Comment peuvent-ils quitter cette condition ? Comment sortir du « monde clandestin » ? En raison de leurs parcours de vie et de leurs histoires personnelles, la majorité des migrants présents dans les rues du 10e arrondissement de Paris ont la possibilité de déposer une demande d’asile et peuvent prétendre accéder au statut de réfugié. Cependant, les démarches administratives pour y parvenir sont longues et complexes. Sans accompagnement, les chances d’obtenir un jour de l’OFPRA [6] une réponse positive sont faibles. L’association France Terre d’Asile effectue une part importante de ce travail, mais des centaines de demandeurs d’asile – majoritairement des hommes – ne bénéficient pas, faute de places dans les structures d’hébergement [7], d’une prise en charge efficace. Alors, depuis une dizaine d’années, les membres des associations d’aide aux migrants présentes à Paris (Collectif de soutien des exilés du 10e arrondissement de Paris), dans le Nord de la France (Salam, Terre d’Errance) ou à Cherbourg (Itinérance) se sont organisés pour héberger les demandeurs d’asile, mais aussi leur proposer un accompagnement social (l’apprentissage du français par exemple) et juridique (suivi du dossier, recherche d’un avocat spécialiste du droit des étrangers, recours devant la Cours nationale du droit d’asile [8]...).
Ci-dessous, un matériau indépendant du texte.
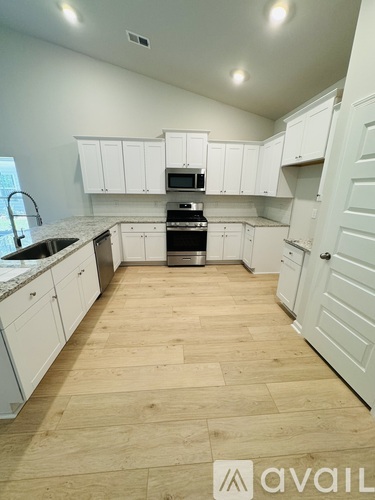 A kitchen with white cabinets and wooden flooring.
Parfois, des demandeurs d’asile ainsi pris en charge par des réseaux bénévoles obtiennent le statut de réfugié. D’autres n’ont pas cette chance ou se découragent d’attendre pendant des mois – voire des années – une réponse de l’administration.
Les migrants qui choisiront – ou seront contraints – de poursuivre clandestinement leur route vers le nord de l’Europe devront encore vivre à la marge de nos sociétés. Ils nous apparaîtront comme ces corps accrochés aux grilles des espaces frontières, ou comme ces silhouettes qui se dessinent en négatif dans les rues à la lumière des réverbères. Les photographies de Nadine Roudil appellent ainsi les images de situations bien réelles, vécues par les migrants en situation irrégulière. Elles témoignent d’un regard original et porteur de sens sur ce fait d’actualité.